After pondering it for a while I did realise that it still had a place in the scheme of things. This is the only place I can present a comprehensive, detailed gallery, the FB albums are OK but limited in what they can do in the way of searching and presenting information. There is also the credability of a stand alone website, It's strange to think of something as recent and hi tech as the internet as having respected, bricks & mortar type of entities but that's what websites really are, the fashionable and highly flexible areas of social networking are great but not everyone is comfortable with them, the website is a solid base for all these more intangible, changable applications.

Mind you my website isn't in the equation yet and still my internet presence seems to be doing OK...interesting.


  1. Hi Ben,

    I had the same feelings as you and came to the same conclusions. I find that I use my blog most and the website is really just for the gallery pages.

    I think it is useful to have the website though. It is the one place where I have complete control over the layout and content. I'm also uncomfortable with being too dependant on Google, in case there are any problems in the future.

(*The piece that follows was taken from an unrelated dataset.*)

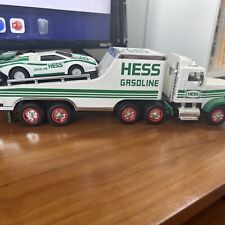 Vintage Hess 1991 Toy Truck and Racer, No Box. Lights Not Tested. picture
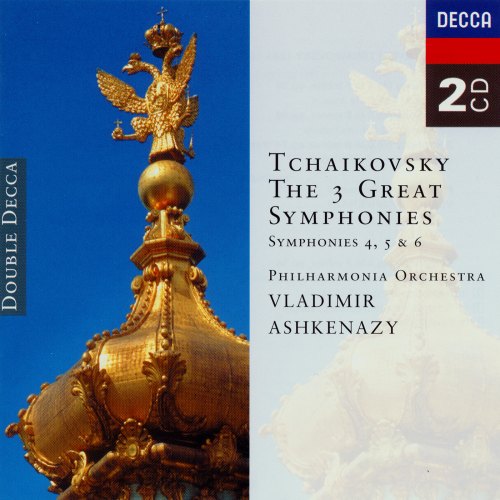 SYMPHONY NO.4, 5 & 6 (2 CD) PYOTR ILYICH TCHAIKOVSKY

  2. Aye that's true, there's the control & security of having your own site. OTOH there can be problems with any server, including the one hosting your website. I reckon it's a good 'belt and braces' approach to have these independant, linked elements (including a website) to ones internet presence because of that (as well as the big advantage of reaching a wider audience and generating more traffic).

  3. Hey Ben,
    I enjoyed reading this post. I certainly agree questioning the need for a website with all the free stuff available.
    Fact is, I often visit artists websites after seeing their blogs, only to be frequently disappointed. Many are awkward to navigate and I waste way too much time clicking back-and-forth after viewing an enlargement of a painting. I can't help but wonder just what the artist was thinking when they allowed this to happen. I usually depart such sights quickly and never return.
    I've been quite pleased, overall, with Google Blogger and doubt I'll ever invest in a website. In your case, I'd say you've covered all the bases and doubt a website would add much to that.
    Have a fabulous weekend, Ben.

  4. Look at it like this, one is stagnate and one is interactive. With a website you send people to it that you have already made contact with, sort of a digital business card. A blog is open to the public, anyone can find you and enjoy your work, the problem with blogs is that you are often singing to the choir. You have got to link out to other users of different content.

  5. Gary, I know what you mean, I think a lot of people use the free 'build your own' hosts. I've investigated some of these and been pretty unimpressed with what I've found..and it's often the gallery functionality that really lets them down. I went the whole hog and commissioned a pro to build my site so it should work as I want it to.

    rateyourart, I'm hoping that the links out to and in from the social network profiles I've created will broaden my reach, I'm not pushing for publicity yet, just using these profiles to link to other artists I find nteresting and organisations that are relevant. I've already noticed a small but distinct inrease in traffic, which is encouraging.

  6. I would say alot depends on what kind of artist you are. If you paint for yourself a blog is enough and to have feedback and a following makes the journey much richer. A website to me means you are a more commercial artist who is making a living by selling your work. So the buyer will sign up for updates and when they are building up a collection of an artist's work are able to know when new work goes onto the site. While my buyers buy via a gallery they will always go to my website first to see what is new and then ask me via the email which gallery is exhibiting the painting they are interested in.

  7. I'm certainly not anticipating making a living entirely out of my art, rather supplementing my income to some extent.
    I'm casting wide because I cannot see any possible harm in it, who knows? I may get some work from outside my target audience. Realistically most of my potential market is here in the Falkland Islands, What I want to do is make sure I reach as many as possible in that market. Websites & blogs are fine but here Facebook, for instance, has a whopping 80% penetration (2nd in the world after Monaco) so it absolutely makes sense to have a FB page. I'm still going to do a website though, there's quite a lot of people who I know are on FB but do not use all...and look at blogging as something that journalist and celebrities do, for some only a website will do. I don't what to miss out on potential work for the want of spending a few quid a month on a website.